Geoffrey Chaucer, one of England's greatest poets, was born in London about 1340, the son of a wine merchant and deputy to the king's butler and his wife Agnes. Not much is known of Chaucer's early life and education, other than he learned to read French, Latin, and Italian. His experiences as a civil servant and diplomat are said to have developed his fascination with people and his knowledge of English life. In 1359-1360 Chaucer traveled with King Edward III's army to France during the Hundred Years' War and was captured in Ardennes. He returned to England after the Treaty of Bretigny when the King paid his ransom.

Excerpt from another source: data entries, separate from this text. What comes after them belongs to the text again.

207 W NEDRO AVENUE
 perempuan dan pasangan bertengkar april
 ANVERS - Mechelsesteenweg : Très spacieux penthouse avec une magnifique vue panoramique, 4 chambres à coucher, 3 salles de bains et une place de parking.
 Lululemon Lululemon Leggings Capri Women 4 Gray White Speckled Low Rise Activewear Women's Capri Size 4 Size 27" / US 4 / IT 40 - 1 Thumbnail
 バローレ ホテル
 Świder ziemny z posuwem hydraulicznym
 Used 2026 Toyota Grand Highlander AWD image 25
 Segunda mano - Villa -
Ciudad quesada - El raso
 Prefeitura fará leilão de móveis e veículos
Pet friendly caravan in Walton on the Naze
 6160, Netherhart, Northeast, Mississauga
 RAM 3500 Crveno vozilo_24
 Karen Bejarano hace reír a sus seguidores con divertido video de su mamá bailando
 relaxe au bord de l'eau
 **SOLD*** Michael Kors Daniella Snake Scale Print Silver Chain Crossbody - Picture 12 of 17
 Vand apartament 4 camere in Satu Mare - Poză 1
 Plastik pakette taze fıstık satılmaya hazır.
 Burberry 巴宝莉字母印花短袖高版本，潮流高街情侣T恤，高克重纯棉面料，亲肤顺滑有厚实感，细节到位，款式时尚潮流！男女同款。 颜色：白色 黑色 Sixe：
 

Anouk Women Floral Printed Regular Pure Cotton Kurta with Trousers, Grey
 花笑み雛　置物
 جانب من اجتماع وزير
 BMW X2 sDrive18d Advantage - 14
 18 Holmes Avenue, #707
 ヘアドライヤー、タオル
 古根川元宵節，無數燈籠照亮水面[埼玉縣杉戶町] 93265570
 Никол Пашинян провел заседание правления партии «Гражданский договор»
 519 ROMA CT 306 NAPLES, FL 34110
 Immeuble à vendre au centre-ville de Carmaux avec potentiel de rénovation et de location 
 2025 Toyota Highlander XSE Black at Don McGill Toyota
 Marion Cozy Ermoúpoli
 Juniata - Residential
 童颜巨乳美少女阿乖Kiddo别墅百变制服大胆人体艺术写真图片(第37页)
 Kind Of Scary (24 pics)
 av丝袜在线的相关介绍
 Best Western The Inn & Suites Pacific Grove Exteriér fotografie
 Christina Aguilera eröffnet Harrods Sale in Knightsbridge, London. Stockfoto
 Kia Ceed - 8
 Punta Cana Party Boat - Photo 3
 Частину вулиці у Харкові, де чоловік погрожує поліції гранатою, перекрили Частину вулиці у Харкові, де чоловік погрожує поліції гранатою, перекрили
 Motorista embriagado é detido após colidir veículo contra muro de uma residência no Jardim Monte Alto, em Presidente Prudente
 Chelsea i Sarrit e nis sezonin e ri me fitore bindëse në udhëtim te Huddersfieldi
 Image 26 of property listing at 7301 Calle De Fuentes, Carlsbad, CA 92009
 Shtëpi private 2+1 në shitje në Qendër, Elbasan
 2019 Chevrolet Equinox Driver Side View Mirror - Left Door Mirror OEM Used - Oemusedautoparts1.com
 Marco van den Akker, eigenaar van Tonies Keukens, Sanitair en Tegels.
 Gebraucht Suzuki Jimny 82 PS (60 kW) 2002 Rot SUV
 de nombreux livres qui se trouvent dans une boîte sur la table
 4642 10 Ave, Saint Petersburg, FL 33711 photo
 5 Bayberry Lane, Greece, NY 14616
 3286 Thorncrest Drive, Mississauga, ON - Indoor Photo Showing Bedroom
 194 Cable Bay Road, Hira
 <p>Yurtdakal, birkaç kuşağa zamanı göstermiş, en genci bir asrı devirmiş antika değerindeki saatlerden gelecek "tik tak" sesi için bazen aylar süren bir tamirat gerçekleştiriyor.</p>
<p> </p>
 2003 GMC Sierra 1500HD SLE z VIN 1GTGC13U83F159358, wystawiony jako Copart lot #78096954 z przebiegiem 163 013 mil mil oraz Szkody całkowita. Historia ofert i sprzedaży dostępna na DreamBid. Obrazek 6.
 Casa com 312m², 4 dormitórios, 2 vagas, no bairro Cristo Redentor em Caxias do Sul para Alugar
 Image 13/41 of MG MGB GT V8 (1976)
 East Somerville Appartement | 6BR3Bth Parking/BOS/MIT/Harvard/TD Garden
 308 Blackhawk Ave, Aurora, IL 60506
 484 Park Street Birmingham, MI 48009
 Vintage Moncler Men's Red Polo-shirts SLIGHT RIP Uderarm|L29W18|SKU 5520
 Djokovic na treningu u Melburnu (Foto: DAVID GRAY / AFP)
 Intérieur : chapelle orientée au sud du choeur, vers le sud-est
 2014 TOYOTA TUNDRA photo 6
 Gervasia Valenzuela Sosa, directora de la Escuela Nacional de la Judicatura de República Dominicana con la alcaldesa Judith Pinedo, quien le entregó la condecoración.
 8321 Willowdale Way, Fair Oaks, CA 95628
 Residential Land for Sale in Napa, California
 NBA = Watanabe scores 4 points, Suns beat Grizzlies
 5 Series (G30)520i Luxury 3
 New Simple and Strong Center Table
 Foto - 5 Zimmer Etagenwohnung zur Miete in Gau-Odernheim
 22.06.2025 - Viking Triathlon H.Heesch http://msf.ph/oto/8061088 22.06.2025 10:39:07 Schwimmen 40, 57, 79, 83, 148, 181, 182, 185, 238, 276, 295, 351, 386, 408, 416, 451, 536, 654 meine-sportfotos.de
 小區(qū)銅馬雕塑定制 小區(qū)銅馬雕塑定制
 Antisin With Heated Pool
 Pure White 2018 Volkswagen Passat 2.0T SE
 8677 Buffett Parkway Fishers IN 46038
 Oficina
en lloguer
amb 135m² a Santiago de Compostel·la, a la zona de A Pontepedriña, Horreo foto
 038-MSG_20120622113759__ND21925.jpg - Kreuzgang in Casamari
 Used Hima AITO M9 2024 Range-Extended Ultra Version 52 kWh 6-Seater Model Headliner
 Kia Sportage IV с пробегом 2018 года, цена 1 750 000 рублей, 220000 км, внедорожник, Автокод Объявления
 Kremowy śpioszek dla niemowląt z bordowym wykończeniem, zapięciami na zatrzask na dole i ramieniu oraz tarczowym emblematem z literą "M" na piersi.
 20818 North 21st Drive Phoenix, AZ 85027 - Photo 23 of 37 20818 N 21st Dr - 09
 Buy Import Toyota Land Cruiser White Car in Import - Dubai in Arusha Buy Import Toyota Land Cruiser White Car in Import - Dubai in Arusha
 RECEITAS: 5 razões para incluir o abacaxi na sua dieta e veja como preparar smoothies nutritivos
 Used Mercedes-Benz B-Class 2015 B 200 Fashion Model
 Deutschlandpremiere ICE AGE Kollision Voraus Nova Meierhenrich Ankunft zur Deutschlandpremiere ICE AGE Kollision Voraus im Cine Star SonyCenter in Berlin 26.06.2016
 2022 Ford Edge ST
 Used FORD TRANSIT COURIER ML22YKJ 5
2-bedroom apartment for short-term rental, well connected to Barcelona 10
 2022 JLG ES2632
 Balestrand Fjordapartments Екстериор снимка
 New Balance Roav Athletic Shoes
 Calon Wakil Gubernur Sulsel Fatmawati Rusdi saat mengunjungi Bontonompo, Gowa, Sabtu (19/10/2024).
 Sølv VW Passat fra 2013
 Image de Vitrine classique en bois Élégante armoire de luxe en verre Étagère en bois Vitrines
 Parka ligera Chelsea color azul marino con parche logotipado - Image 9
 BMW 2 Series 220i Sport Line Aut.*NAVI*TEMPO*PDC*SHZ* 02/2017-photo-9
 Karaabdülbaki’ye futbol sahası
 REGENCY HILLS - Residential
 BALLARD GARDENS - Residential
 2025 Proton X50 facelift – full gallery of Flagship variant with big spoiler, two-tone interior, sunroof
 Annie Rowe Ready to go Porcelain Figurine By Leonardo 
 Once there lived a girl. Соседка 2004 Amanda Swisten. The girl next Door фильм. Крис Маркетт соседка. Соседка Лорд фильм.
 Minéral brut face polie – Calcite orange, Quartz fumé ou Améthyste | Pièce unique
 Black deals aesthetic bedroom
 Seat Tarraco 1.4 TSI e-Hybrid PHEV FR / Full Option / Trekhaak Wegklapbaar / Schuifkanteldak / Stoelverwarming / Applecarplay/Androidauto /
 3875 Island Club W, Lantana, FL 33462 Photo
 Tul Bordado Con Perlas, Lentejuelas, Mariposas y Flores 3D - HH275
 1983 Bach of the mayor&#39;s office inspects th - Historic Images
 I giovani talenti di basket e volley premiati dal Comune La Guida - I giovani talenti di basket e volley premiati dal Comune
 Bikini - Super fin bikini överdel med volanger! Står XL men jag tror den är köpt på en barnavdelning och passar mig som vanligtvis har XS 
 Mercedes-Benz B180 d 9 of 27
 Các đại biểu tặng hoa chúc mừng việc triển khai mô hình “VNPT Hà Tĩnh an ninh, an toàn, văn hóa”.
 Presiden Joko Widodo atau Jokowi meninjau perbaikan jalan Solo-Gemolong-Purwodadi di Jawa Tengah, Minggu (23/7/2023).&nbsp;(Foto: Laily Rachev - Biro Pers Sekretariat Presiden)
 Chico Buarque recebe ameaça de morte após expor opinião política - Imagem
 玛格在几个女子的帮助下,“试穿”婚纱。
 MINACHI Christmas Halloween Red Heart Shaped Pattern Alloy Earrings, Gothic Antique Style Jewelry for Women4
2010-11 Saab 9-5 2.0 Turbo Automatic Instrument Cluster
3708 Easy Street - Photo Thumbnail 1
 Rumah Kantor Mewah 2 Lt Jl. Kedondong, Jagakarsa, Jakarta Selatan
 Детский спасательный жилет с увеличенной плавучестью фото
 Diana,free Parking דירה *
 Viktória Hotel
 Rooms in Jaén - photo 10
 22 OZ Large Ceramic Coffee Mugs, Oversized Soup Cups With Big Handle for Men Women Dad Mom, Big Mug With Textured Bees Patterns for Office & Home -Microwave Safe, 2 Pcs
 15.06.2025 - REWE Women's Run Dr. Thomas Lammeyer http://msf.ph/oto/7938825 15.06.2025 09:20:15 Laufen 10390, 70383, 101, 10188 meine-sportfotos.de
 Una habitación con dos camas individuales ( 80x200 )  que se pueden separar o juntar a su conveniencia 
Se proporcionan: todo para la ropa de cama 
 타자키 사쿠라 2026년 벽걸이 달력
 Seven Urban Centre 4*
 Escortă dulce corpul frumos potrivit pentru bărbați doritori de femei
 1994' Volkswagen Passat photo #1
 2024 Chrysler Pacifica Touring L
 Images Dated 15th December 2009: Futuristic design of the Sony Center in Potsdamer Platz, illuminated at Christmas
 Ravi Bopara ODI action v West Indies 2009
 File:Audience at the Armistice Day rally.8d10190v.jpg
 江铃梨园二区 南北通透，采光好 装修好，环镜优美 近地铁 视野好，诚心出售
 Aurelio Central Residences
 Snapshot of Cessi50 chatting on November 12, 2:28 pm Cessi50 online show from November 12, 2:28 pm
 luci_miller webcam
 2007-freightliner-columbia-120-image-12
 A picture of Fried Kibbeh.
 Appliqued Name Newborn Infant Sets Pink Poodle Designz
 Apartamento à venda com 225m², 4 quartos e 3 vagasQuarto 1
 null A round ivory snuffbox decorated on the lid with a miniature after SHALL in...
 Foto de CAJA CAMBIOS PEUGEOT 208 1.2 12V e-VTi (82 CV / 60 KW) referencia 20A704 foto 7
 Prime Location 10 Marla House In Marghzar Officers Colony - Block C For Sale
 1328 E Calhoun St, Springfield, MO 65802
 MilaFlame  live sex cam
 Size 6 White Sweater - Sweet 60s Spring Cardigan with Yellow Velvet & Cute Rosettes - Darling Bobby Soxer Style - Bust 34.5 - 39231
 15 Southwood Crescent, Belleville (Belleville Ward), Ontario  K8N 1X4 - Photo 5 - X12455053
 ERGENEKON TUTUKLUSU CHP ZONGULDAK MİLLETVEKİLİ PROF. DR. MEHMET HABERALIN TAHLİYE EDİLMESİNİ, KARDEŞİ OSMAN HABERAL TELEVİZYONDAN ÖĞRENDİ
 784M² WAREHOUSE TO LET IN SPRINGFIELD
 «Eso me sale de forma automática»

In 1366 he married Philippa Roet, one of Queen Philippa's ladies, who gave him two sons and two daughters. Chaucer remained in royal service traveling to Flanders, Italy, and Spain. These travels would all have a great influence on his work. His early writing was influenced by the French tradition of courtly love poetry, and his later work by the Italians, especially Dante, Boccaccio, and Petrarch. Chaucer wrote in Middle English, the form of English used from 1100 to about 1485. He is given the designation of the first English poet to use rhymed couplets in iambic pentameter and to compose successfully in the vernacular. Chaucer's Canterbury Tales is a collection of humorous, bawdy, and poignant stories told by a group of fictional pilgrims traveling to the shrine of St. Thomas a Becket. It is considered to be among the masterpieces of literature. His works also include The Book of the Duchess, inspired by the death of John Gaunt's first wife; House of Fame, The Parliament of Fowls, and The Legend of Good Women. Troilus and Criseyde, adapted from a love story by Boccaccio, is one of his greatest poems apart from The Canterbury Tales. Chaucer died in London on October 25, 1400. He was buried in Westminster Abbey, in what is now called Poet's Corner.